[Prompt]: Using the entries that follow, transcribe only the lines from the line with "Some States Slow" to the line with "toxin character sheet", both included, exactly as they stand and without pictures.

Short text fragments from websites
◇ ◇ ◇ ◇ ◇

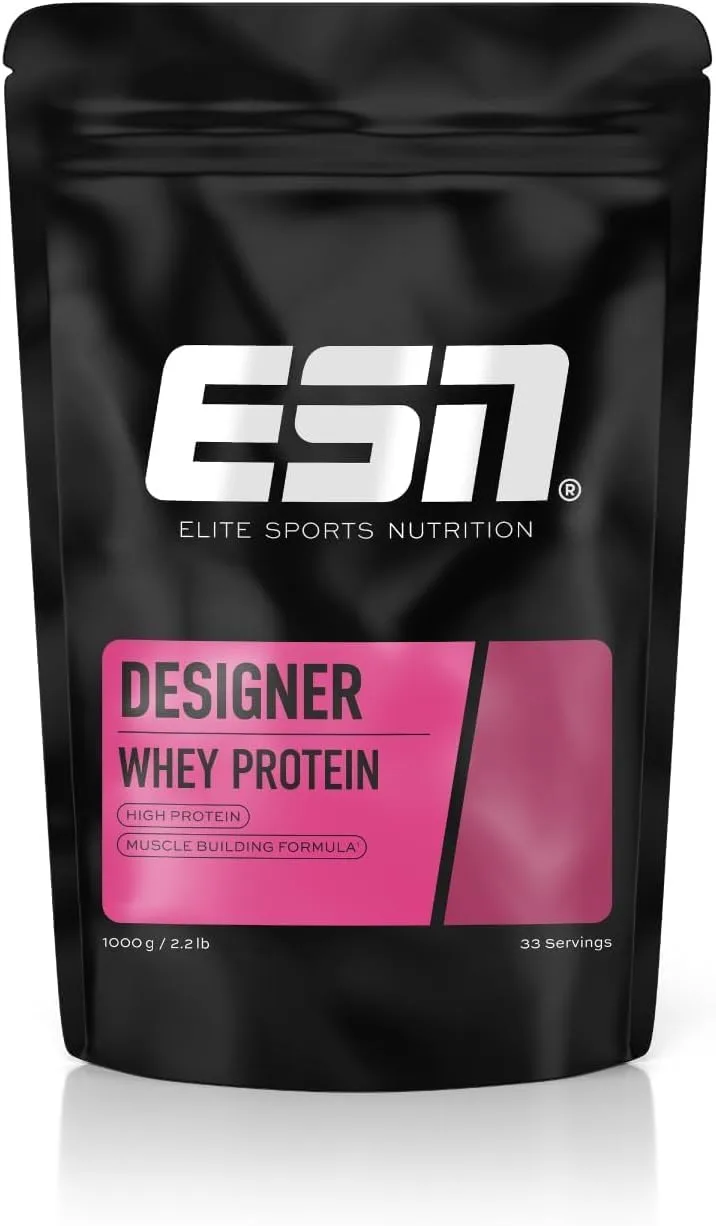 ESN ▫️ Designer Whey Protein Powder, Morango, 1 kg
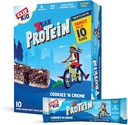 CLIF KID ZBAR - Protein Granola Bars - Cookie és Creme Flavor - Non-GMO - Organic -Ebéd Box Snacks (1.27 Ounce Energy Bars, 10 Count)
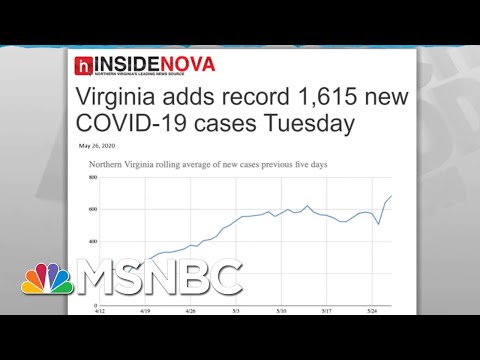 Some States Slow To Understand Dynamics Of Coronavirus Spread | Rachel Maddow | MSNBC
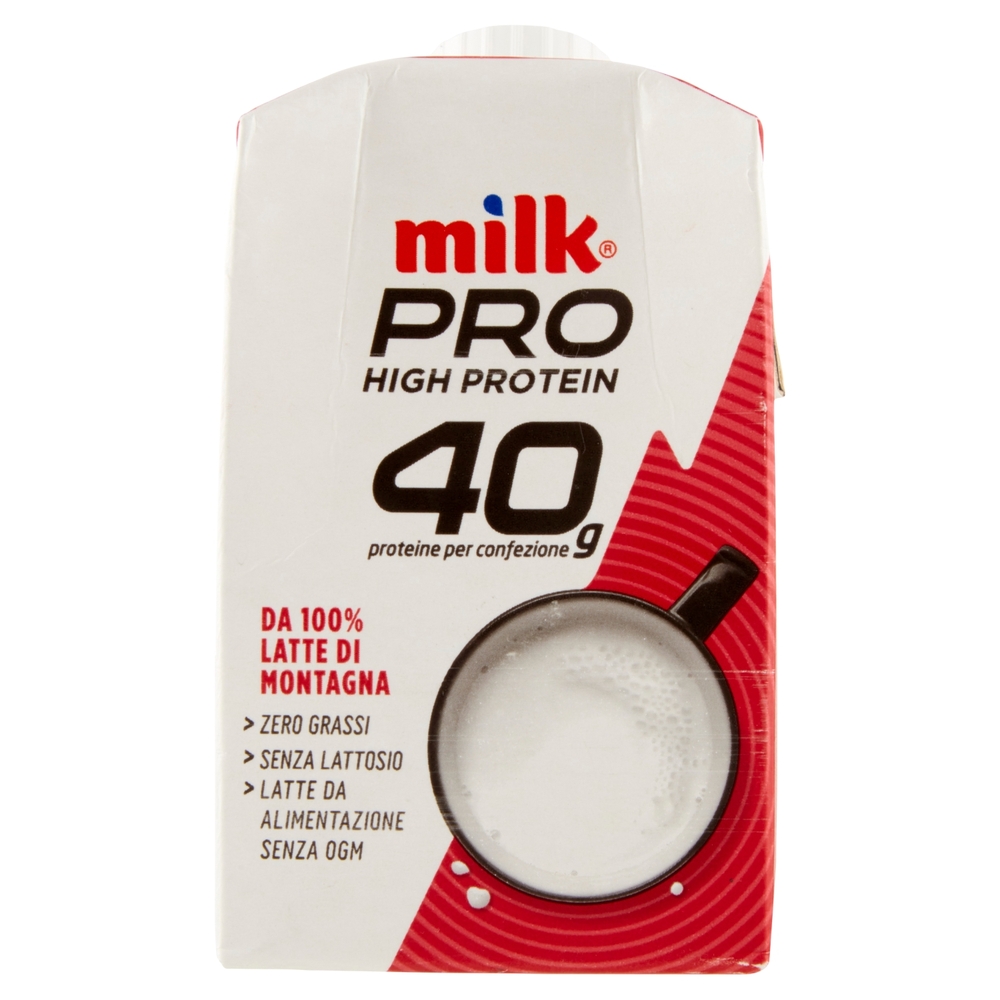 Latte Pro High Protein 40 g 100% Montagna, 500 ml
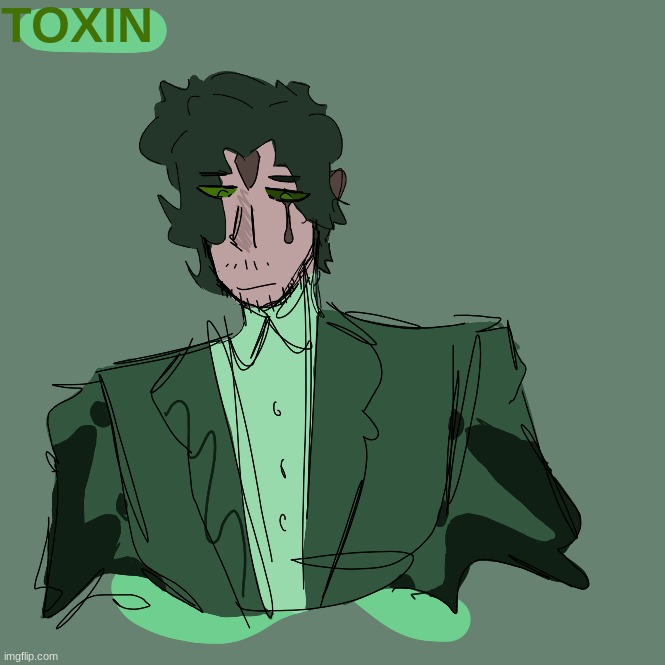 toxin character sheet | made w/ Imgflip meme maker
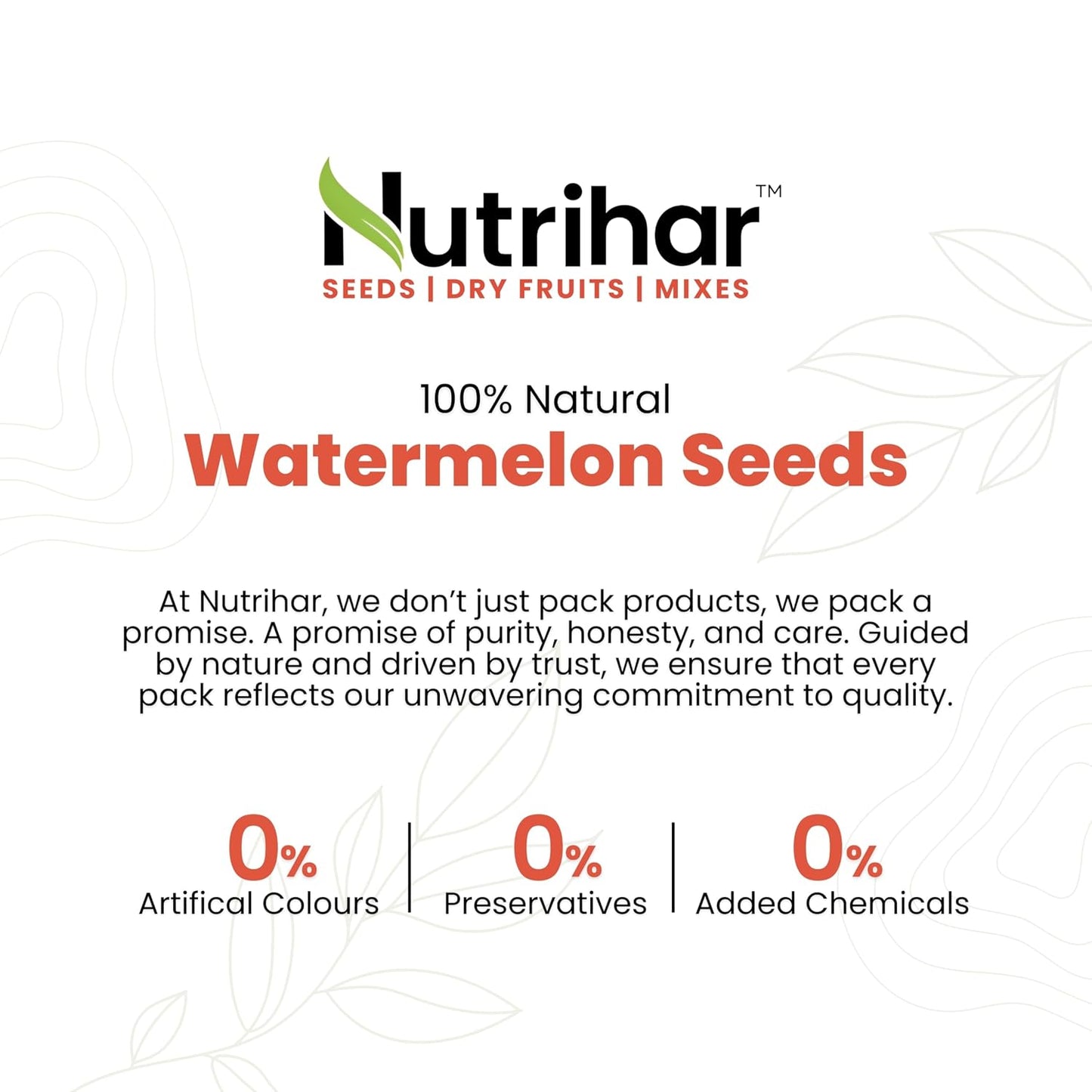 Nutrihar Raw Watermelon Seeds 100g | Double Cleaned & Unpolished | Watermelon Seeds for eating | High Protein | Magaj Seeds 100g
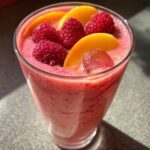raspberry peach protein smoothie recipe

◇ ◇ ◇ ◇ ◇

[Exercise result]:
 Some States Slow To Understand Dynamics Of Coronavirus Spread | Rachel Maddow | MSNBC
 Latte Pro High Protein 40 g 100% Montagna, 500 ml
 toxin character sheet | made w/ Imgflip meme maker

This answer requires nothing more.